Executive Summary of Enron Case Study

The report highlighted the reason for the fall of firm Enron by an assessment of factors such as corporate culture, accounting firm role, and company executives. Business ethics as appropriate policies in the organization were not followed. Enron had not pursued collective capability for moral behavior and its decision making was impaired. The company had used questionable practices to maintain its investment-grade by using off-balance-sheet settlement, sale of special purpose entities, and manipulating third party functionaries for carrying uncounted practice. Enron division was kept separate with less authority to question judgment. The top management used deception and short term financial gain to influence functioning. Accounting firm Arthur Anderson and Merrill Lynch were scrutinized for inadequate practice, conflict of interest. Andrew Fastow as CFO was persecuted for inflating client earning and was involved in bribery, money laundering, and deteriorating company wealth and booking personal profit.

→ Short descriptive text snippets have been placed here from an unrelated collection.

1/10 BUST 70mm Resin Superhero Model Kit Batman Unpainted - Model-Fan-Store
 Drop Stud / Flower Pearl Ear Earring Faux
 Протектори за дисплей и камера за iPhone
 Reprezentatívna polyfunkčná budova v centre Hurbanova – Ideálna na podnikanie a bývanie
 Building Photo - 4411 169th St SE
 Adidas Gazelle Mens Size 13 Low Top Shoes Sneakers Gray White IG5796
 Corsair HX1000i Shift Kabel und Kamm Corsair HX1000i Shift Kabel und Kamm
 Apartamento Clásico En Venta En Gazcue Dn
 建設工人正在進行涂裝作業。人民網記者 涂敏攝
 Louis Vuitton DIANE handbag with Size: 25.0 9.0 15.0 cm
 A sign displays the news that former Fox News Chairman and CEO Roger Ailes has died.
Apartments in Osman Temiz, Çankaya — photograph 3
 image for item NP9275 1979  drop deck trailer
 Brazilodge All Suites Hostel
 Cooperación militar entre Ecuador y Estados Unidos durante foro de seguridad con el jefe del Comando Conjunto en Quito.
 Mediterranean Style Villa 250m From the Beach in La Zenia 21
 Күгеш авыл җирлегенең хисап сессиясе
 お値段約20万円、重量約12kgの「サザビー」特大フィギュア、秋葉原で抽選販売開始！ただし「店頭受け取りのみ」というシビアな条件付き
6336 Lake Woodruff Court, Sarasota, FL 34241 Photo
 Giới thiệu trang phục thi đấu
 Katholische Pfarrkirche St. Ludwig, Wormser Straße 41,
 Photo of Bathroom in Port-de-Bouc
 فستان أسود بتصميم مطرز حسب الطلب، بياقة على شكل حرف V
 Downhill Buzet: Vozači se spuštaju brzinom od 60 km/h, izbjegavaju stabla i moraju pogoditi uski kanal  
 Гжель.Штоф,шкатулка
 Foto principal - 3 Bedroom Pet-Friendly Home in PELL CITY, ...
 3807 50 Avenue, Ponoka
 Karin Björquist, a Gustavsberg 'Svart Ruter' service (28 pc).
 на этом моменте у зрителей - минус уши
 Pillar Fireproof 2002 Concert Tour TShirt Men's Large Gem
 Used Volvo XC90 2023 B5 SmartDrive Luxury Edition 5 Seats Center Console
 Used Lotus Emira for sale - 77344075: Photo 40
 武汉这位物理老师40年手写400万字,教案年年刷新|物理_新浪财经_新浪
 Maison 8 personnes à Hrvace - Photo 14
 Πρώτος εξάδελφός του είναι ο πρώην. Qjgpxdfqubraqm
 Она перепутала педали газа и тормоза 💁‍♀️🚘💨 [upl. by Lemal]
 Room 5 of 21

It was observed that he was behind the alliance to cover company debt around $1 billion which directly contributed to Enron; s bankruptcy. The report addressed the management role to curb corruption and place and influencing transparency and functioning as unidirectional unit. The management unethical conduct on hiring a team of banking experts for buying and selling for divisional illegal practice.

Table of Contents

Introduction..

Fall of Enron..

Key lesson learned.

Conclusion.

Reference.

Introduction to Enron Case Study

Enron, one of the largest energy companies of reshaping the gas and electricity segment, filed for bankruptcy in America (Trung 2016). The resultant condition had sent shockwaves across the corporate functioning. Enron has sustained explosive growth in1990 s with high share trading price. This report highlights the fall of Enron and key analysis of its accounting problem and works culture that led the firm to file bankruptcy and resulted in compliance failure. It addresses the failure of Enron, conflict of interest, and analysis of moral responsibility. The company has used questionable practices to maintain its investment grade by top executives Under Andrews’s leadership and supervision in complexity and capitalizing assets and liabilities for transferring assets to SPE to report loss of off-balance sheet items.

Fall of Enron

Enron had taken 544million to settle off-balance sheet items at its financial strength was questioned (Sims 2003). Enron’s downward spiral continued, the company filed for bankruptcy making it the largest bankruptcy in U.S history on 2nd December 2001 (Washington Post 2001). The impact of the fall of Enron was grave with a fall in share price and thousands of employees faced retirement with no savings and the business reputation and corporate practices were questioned. The company rose with significant heights within years of expanding operations in securities. It is duly observed that managerial behavior contributes to ethical or unethical behavior. Manager’s actin contrary to ethical reasoning impact firms functioning. In the early 1990s, Enron was considered an innovative company with buying and selling gas and electricity it created a market for commodities (Sims 2003). The company was found in the year 1985 and its revenue rose to 100 billion dollars by the year 2000 (Houston Chronicle 2018). The lack of truthfulness by management about the health of operations as a duty of good faith and disclosure was breached. The conflict of interest by Arthur Anderson as a consultant allowed to reorganize finances protecting from creditors. Enron was not all functioning function on the stakeholder confidence. Lack of integrity capacity led to the demise of the firm act as a catalyst for reputation. Integrity capacity is the individual and collective capability for moral behavior, judgment, and promotes moral decision making. The key risk identified as management failure in not acquiring skills for the radical shift as they jeopardized operation health with creative and unconventional products without the ability to manage risk.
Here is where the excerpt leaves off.